**Task description:** Look through the records below for the line with "Science In Sport Hydro" and the line with "Teardrop Flag", then return those lines and all lines between, exactly.

[Scraped caption text data]
»»

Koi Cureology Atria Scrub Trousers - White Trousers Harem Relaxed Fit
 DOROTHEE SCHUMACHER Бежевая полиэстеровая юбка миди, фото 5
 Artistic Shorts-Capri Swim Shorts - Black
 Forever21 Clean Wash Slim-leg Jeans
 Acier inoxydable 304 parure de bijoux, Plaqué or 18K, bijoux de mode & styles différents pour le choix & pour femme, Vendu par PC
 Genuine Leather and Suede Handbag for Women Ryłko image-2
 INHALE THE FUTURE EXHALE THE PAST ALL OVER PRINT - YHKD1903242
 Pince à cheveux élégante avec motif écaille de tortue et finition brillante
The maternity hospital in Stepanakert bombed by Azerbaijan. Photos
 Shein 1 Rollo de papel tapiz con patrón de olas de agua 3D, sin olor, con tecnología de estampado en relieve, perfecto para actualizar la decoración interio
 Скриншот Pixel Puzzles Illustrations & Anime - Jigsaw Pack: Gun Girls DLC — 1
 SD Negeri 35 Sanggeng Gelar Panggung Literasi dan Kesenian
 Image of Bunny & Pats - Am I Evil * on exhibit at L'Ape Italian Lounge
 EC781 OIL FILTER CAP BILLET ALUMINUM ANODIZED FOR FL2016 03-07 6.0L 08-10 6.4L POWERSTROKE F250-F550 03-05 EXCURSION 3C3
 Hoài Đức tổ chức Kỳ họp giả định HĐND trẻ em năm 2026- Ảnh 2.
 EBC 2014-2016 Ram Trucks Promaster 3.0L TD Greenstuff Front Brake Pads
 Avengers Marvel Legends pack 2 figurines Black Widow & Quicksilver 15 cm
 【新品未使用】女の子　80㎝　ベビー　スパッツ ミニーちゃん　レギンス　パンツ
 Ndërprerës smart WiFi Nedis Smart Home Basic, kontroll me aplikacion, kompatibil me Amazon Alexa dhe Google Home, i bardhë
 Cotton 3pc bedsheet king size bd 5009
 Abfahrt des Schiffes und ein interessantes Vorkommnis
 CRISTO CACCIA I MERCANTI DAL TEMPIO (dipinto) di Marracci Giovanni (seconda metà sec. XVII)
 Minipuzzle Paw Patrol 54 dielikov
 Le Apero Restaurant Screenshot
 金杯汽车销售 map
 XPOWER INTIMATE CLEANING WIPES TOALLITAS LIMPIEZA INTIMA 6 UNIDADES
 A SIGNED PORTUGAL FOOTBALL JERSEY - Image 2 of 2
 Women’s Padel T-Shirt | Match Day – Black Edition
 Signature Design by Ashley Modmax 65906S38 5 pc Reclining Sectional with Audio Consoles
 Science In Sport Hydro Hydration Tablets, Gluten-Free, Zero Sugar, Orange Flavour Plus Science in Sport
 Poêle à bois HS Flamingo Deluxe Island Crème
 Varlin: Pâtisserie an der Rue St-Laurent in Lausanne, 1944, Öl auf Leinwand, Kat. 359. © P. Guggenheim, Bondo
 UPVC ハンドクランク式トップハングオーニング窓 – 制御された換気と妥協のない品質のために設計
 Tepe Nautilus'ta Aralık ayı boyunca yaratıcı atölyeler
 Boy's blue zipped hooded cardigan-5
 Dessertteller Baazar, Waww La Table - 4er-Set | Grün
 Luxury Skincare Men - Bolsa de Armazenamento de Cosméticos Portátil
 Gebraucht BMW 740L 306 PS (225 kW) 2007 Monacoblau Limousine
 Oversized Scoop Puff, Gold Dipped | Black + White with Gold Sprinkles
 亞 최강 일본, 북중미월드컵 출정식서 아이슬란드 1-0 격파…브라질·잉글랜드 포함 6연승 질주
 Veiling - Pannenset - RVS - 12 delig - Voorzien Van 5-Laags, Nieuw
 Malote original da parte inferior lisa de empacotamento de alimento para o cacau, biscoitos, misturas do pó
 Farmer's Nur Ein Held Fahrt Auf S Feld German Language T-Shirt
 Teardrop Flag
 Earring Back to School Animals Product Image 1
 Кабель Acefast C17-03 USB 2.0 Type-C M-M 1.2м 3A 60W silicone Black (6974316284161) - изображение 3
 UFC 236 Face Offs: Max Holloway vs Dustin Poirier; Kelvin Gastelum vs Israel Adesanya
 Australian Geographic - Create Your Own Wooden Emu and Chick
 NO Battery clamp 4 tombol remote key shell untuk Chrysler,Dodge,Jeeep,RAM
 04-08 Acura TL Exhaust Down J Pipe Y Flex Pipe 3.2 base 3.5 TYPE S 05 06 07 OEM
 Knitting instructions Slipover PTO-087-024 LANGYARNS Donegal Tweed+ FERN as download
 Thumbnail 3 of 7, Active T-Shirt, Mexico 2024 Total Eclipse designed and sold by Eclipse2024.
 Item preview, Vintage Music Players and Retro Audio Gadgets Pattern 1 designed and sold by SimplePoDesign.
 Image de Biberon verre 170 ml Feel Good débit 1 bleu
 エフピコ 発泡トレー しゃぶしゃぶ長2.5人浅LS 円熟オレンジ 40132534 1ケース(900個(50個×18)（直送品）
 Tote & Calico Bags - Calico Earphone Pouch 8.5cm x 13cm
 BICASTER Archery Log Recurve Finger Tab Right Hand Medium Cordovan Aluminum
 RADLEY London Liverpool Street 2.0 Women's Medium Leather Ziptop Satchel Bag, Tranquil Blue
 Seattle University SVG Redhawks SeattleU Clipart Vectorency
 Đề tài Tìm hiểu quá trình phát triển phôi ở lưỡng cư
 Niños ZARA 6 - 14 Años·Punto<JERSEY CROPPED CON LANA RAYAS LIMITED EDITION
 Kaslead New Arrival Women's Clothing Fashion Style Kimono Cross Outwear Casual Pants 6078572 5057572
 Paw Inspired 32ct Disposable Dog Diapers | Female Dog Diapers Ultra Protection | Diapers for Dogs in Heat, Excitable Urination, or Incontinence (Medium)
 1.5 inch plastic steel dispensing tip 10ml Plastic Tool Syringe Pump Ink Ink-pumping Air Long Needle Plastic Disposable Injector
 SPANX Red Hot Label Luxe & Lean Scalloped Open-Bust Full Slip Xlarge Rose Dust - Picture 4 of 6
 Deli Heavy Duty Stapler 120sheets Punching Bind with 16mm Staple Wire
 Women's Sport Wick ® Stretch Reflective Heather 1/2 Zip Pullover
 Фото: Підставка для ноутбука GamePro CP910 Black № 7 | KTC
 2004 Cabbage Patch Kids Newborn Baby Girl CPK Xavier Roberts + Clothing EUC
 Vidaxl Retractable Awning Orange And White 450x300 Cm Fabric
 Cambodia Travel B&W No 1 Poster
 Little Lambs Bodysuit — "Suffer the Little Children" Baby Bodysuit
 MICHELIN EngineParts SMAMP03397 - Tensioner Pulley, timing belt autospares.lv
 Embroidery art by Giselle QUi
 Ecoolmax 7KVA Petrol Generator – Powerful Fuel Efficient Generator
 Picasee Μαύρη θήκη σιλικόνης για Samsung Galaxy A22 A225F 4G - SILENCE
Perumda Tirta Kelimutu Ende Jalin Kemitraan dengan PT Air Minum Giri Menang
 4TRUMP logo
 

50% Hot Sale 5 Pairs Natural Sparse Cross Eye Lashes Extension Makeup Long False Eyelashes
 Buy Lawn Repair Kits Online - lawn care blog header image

««

**Reply to the exercise:**
 Science In Sport Hydro Hydration Tablets, Gluten-Free, Zero Sugar, Orange Flavour Plus Science in Sport
 Poêle à bois HS Flamingo Deluxe Island Crème
 Varlin: Pâtisserie an der Rue St-Laurent in Lausanne, 1944, Öl auf Leinwand, Kat. 359. © P. Guggenheim, Bondo
 UPVC ハンドクランク式トップハングオーニング窓 – 制御された換気と妥協のない品質のために設計
 Tepe Nautilus'ta Aralık ayı boyunca yaratıcı atölyeler
 Boy's blue zipped hooded cardigan-5
 Dessertteller Baazar, Waww La Table - 4er-Set | Grün
 Luxury Skincare Men - Bolsa de Armazenamento de Cosméticos Portátil
 Gebraucht BMW 740L 306 PS (225 kW) 2007 Monacoblau Limousine
 Oversized Scoop Puff, Gold Dipped | Black + White with Gold Sprinkles
 亞 최강 일본, 북중미월드컵 출정식서 아이슬란드 1-0 격파…브라질·잉글랜드 포함 6연승 질주
 Veiling - Pannenset - RVS - 12 delig - Voorzien Van 5-Laags, Nieuw
 Malote original da parte inferior lisa de empacotamento de alimento para o cacau, biscoitos, misturas do pó
 Farmer's Nur Ein Held Fahrt Auf S Feld German Language T-Shirt
 Teardrop Flag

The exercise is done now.